___ Provided entries ___
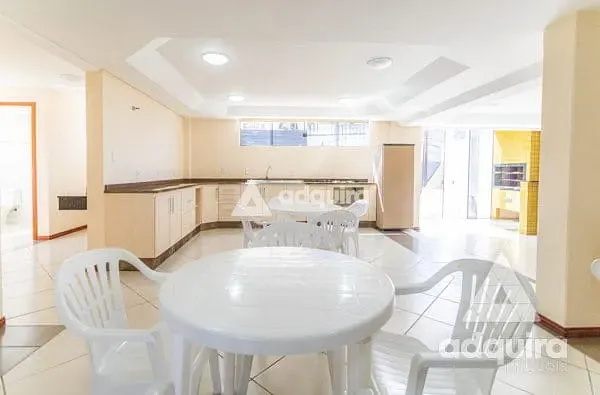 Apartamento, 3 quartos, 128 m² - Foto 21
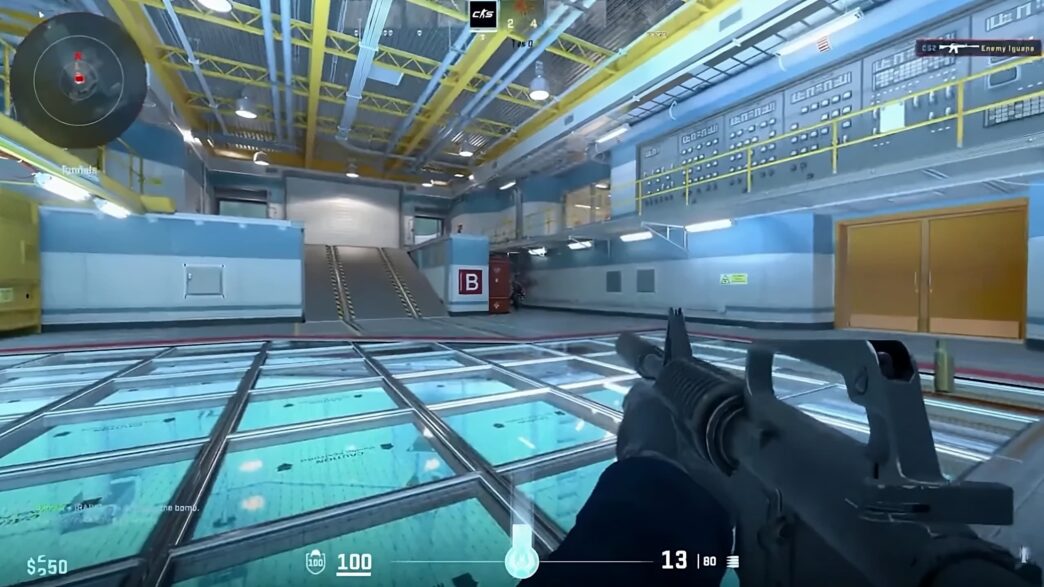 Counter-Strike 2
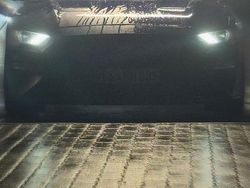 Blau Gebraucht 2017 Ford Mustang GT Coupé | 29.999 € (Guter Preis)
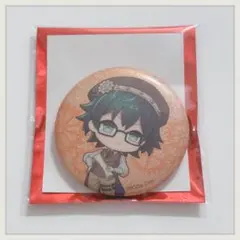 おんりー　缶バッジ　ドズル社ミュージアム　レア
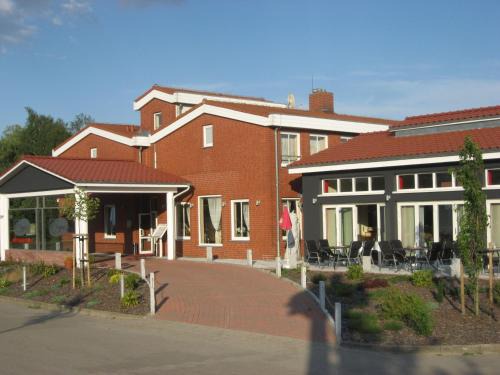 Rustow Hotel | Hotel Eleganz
___
___ Provided entries ___
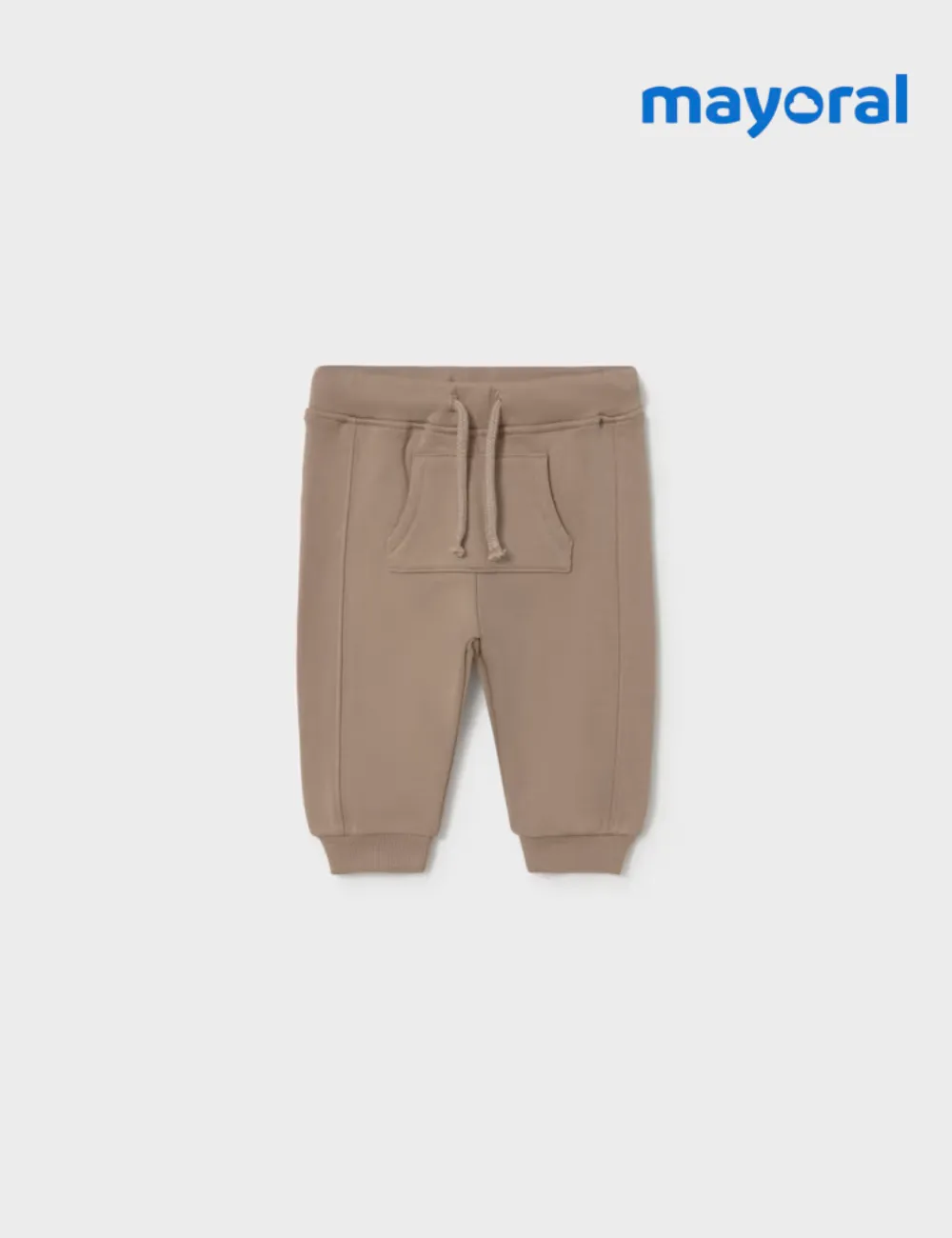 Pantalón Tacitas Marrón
___
___ Provided entries ___
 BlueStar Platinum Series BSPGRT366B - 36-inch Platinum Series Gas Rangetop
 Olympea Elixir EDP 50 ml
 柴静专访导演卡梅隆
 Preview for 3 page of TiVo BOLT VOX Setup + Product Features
___
### Assignment
From the records above, print exactly the lines that run from the line with "BlueStar Platinum Series" to the line with "Preview for 3", inclusive.

### Reply to the exercise
 BlueStar Platinum Series BSPGRT366B - 36-inch Platinum Series Gas Rangetop
 Olympea Elixir EDP 50 ml
 柴静专访导演卡梅隆
 Preview for 3 page of TiVo BOLT VOX Setup + Product Features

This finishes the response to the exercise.